As the mother of a millennial, I believe in you. I bristled and wrote an angry response on social media recently when some of my friends who supervise millennials posted complaints about what they perceive as your need for praise, your unwillingness to pay your dues in the workplace, and your superficiality about the issues that face us.
The Washington Post published an article in December entitled “Everyone hates millennials. That’s very bad news for student protesters.” The writer refutes the perception that today’s young adults are “spoiled slackers,” but she concludes that “until we change the narrative of coddled-millennial-cum-entitled-activist, it’s unlikely that any serious thought will be given” to issues that concern protesters.
But that was before the Iowa caucuses on Monday. By Tuesday morning, both the media and the establishment were paying attention. Bernie Sanders won a whopping 84% of the under-30 vote, creating a frenzy of media coverage on college campuses and near-hysteria among Hillary Clinton’s supporters.
Now the country is listening. The force of your generation may determine who wins the nomination and the election, much as you did in 2004, when those of you who were just turning 18 helped sweep Barack Obama into office.
But then what?
If you truly want to have a lasting impact on the course of our nation, you can’t just disengage until the next presidential election in 2020. If we’ve learned anything from Barack Obama’s presidency, it’s that even the most charismatic messenger of hope on the campaign trail cannot be the change we seek without the enthusiastic citizens who swept him into office.
A president needs a Congress that also believes in hope and change—a chamber full of leaders who are passionate about working together to bring out the best in all of us. If you would start a revolution, you must carry the force of your fervor into every state in the Union and insist with your influence and your votes that the president you elect will have representatives in every state who are willing to work together. And you are probably the only generation that can look beyond party loyalty to find those candidates within and outside both parties.
No generation before you has been able to do this. It is a daunting task that requires attention and devotion, every day and not just every four years.
What people say about your generation sounds hauntingly familiar to me. When I was in high school, my father called the students who protested on college campuses “goddam long-haired, communist hippie freaks.” His generation felt that we baby boomers were at the heart of what was wrong with the world, perceiving us as lazy bums who wanted to smoke pot in a purple haze and avoid getting a decent job as long as we could.
The narrative then was much the same as the narrative now. We, too, were disillusioned with our leaders. And after Richard Nixon’s resignation, we grew distrustful of politicians. “Don’t trust anyone over 30” became the mantra of our generation.
We disengaged. With the exception of Bobby Kennedy in 1968, no presidential candidate of my lifetime generated the kind of energy Barack Obama inspired. Many of my contemporaries didn’t even vote in presidential elections. And even those who did disengaged between elections, much as you did after 2004.
Every single person who voted for Barack Obama and then returned to their own lives, leaving him to carry the torch with a few devoted disciples, bears responsibility for his failure to live up to our expectations for hope and change.
I envy you your certainty that Bernie Sanders is the prophet who can lead us out of the wilderness.
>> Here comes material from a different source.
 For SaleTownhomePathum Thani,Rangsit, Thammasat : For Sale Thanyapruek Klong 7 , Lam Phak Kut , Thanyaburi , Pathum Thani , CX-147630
I believe that you may have the power to elect him. But of one thing I am sure: Electing any president to office is not enough. You can’t just be boisterous and loud at election time—when you’ll have a few weeks of fame in the mainstream media. You must take every opportunity to work for social justice, to engage in civic dialogue, to use your voice to demand honesty and ethics and generosity from yourselves and your leaders. You must make your voice heard in midterm elections as well. You must generate the same kind of excitement and enthusiasm you displayed in Iowa every time the voting machines are rolled out.
If you don’t, you will repeat the mistake of every previous generation of my lifetime, and nothing will change. And no one disputes the fact that we need change.
Every great revolution in our nation’s history—from gaining independence to ending slavery to ensuring equal rights—has come only when citizens have banded together and committed themselves for the long-haul to what is just and right.
Will you have the commitment that my generation has not?